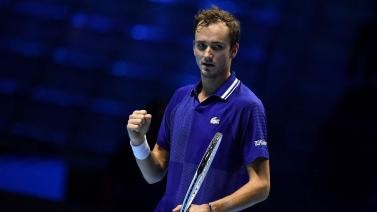 ATP年终总决赛 卫冕冠军梅德韦杰夫三盘鏖战迎开门红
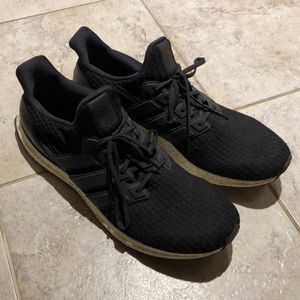 Black Adidas Ultraboost SZ 14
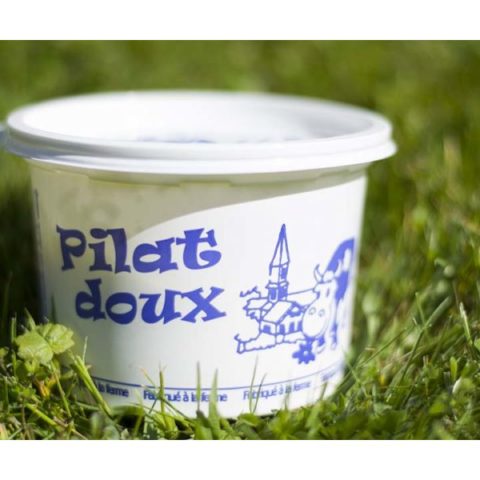la-ferme-des-ayguees-delicesdu42-yaourt-fromage-doux-creme-burdignes-Pilat-Loire-42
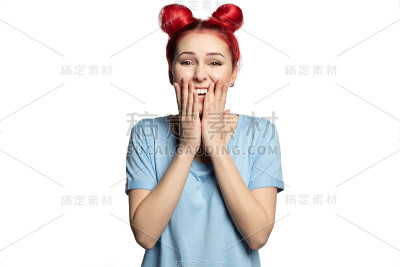女人掩着脸微笑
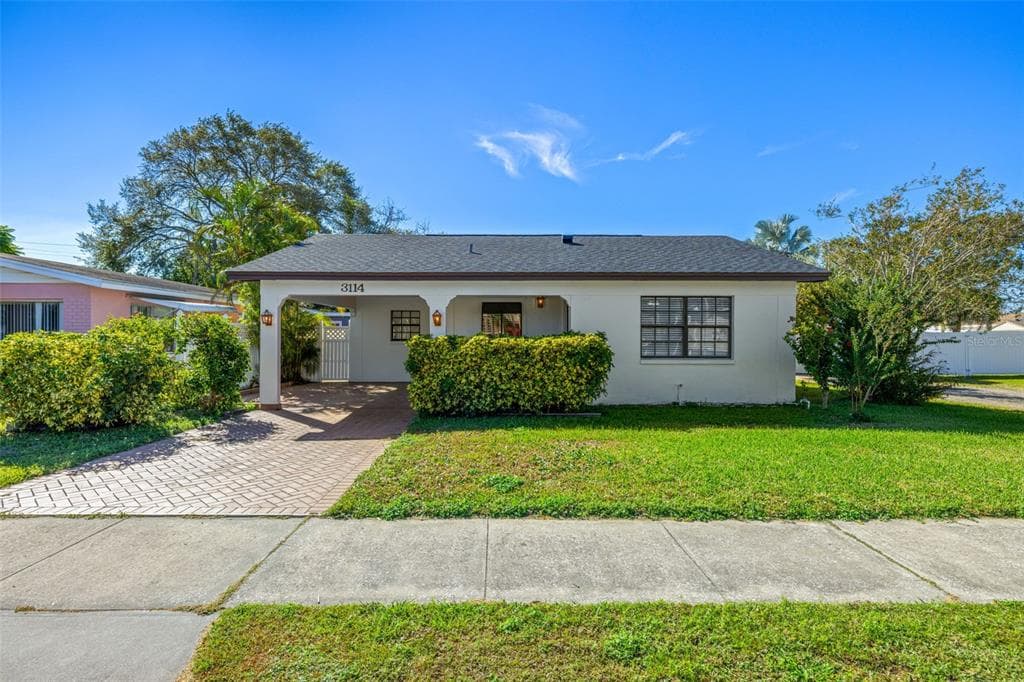 3114 W TAMPA BAY BOULEVARD TAMPA, FL 33607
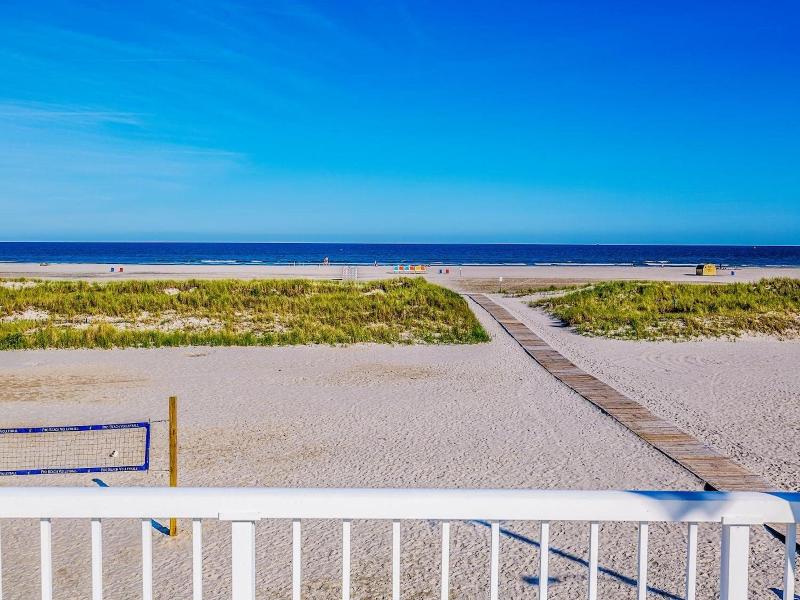 Paradise Oceanfront Resort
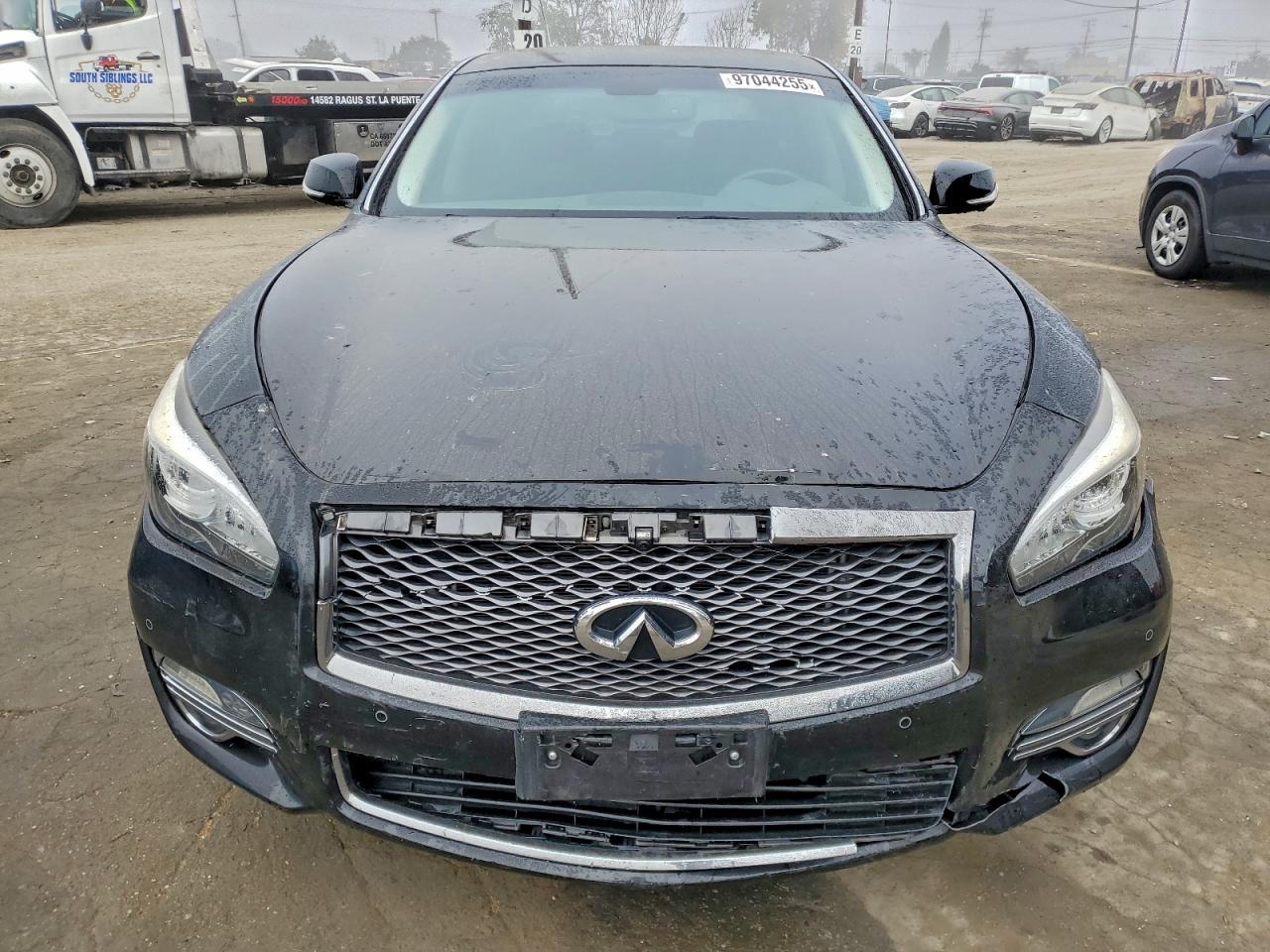 2017 INFINITI Q70
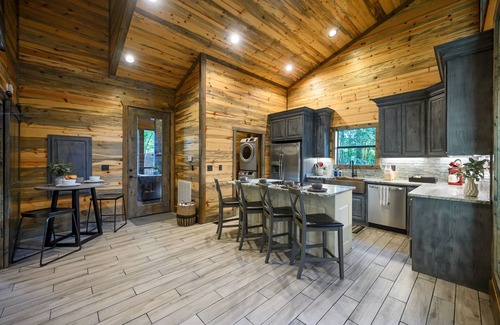 Broken Bow Cabin | 1BR Romantic Luxury Cabin | Hot Tub & Fireplace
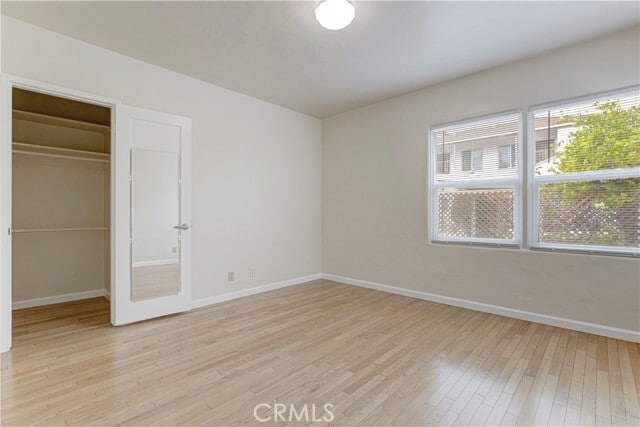Building Photo - 559 E Providencia Ave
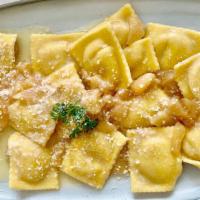Ravioli, Pear And Cheese · Ravioli filled with pears and cheese served with butter and pears.
Gluten-Free is not availa...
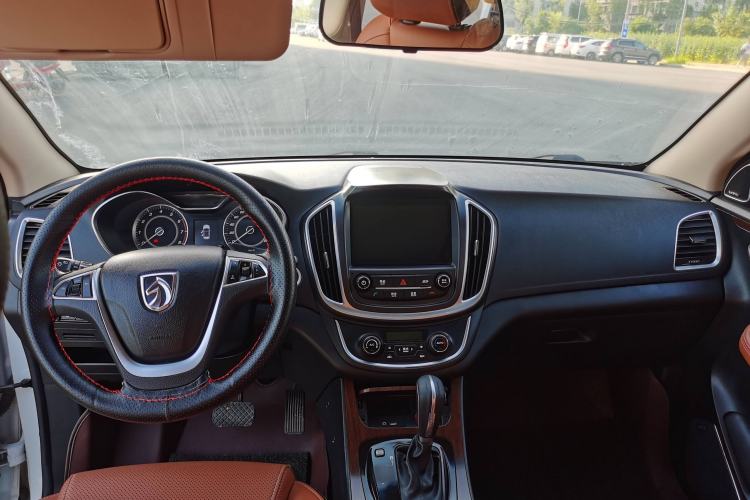 Used Baojun 560 2017 Rhythmic Edition 1.8L iAMT Prestige Model Interior 3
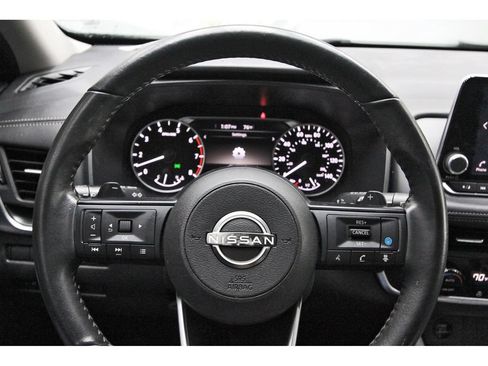 Used 2024 Nissan Rogue SV w/ SV Premium Package FWD image 8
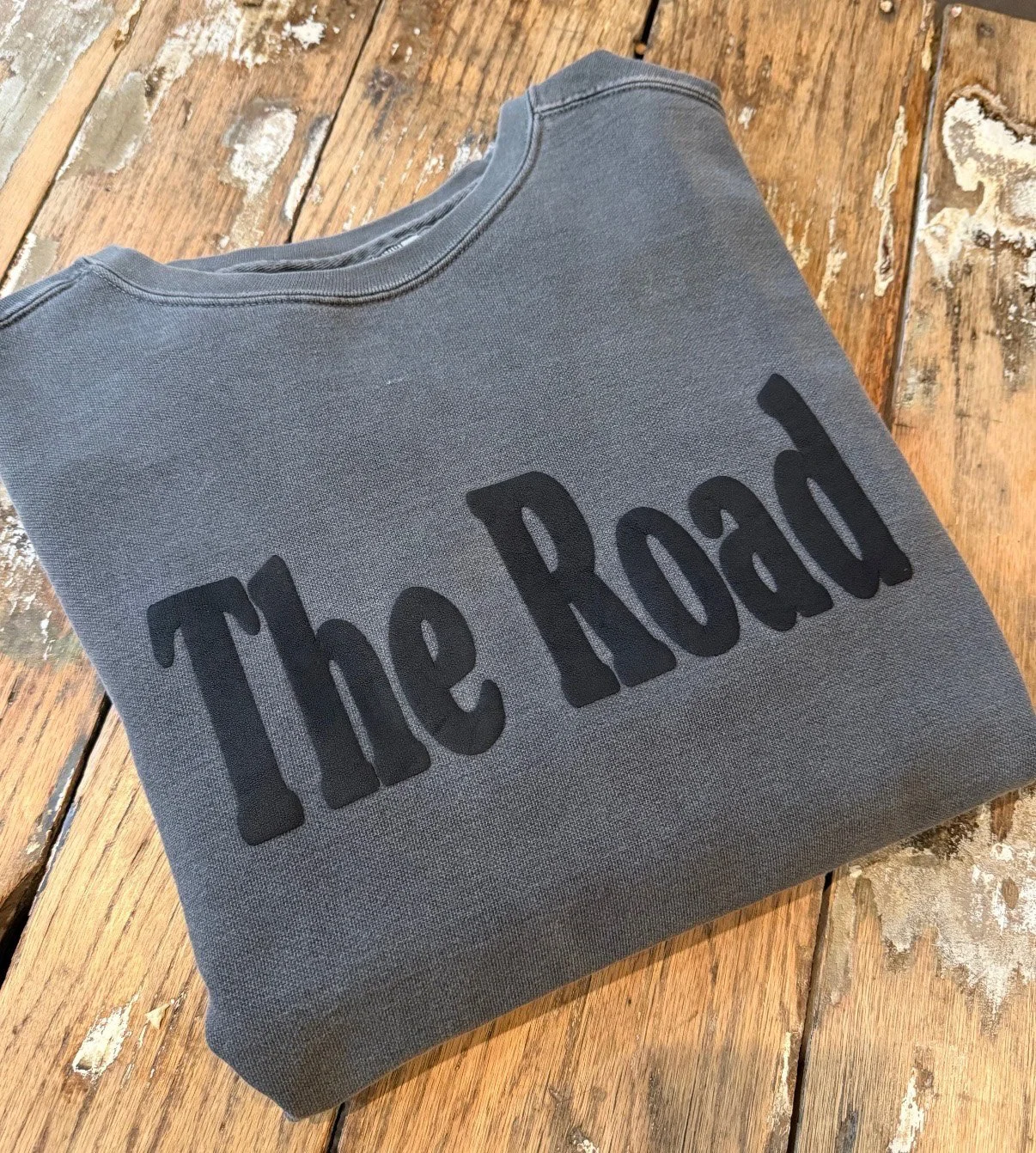The Road Black puff sweatshirt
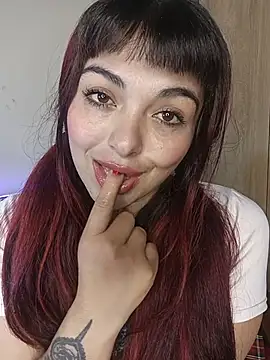 Winona-miu online show from 05-17-26, 08:31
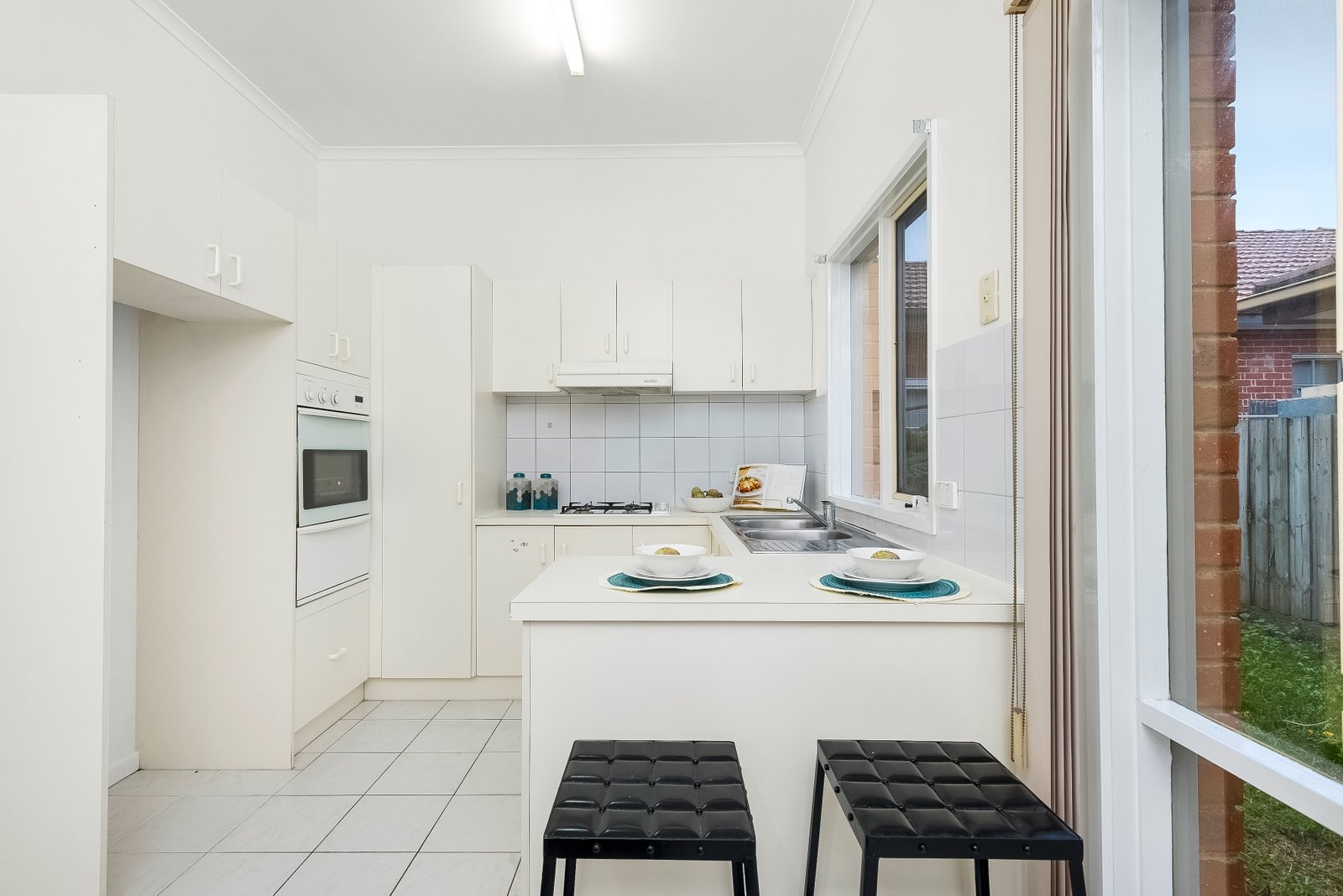 Gallery: 2/47 Willesden Road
════
Work to complete: All of the data should be returned word for word, with each picture left out.

Exercise response:
 ATP年终总决赛 卫冕冠军梅德韦杰夫三盘鏖战迎开门红
 Black Adidas Ultraboost SZ 14
la-ferme-des-ayguees-delicesdu42-yaourt-fromage-doux-creme-burdignes-Pilat-Loire-42
女人掩着脸微笑
 3114 W TAMPA BAY BOULEVARD TAMPA, FL 33607
 Paradise Oceanfront Resort
 2017 INFINITI Q70
 Broken Bow Cabin | 1BR Romantic Luxury Cabin | Hot Tub & Fireplace
Building Photo - 559 E Providencia Ave
Ravioli, Pear And Cheese · Ravioli filled with pears and cheese served with butter and pears.
Gluten-Free is not availa...
 Used Baojun 560 2017 Rhythmic Edition 1.8L iAMT Prestige Model Interior 3
 Used 2024 Nissan Rogue SV w/ SV Premium Package FWD image 8
The Road Black puff sweatshirt
 Winona-miu online show from 05-17-26, 08:31
 Gallery: 2/47 Willesden Road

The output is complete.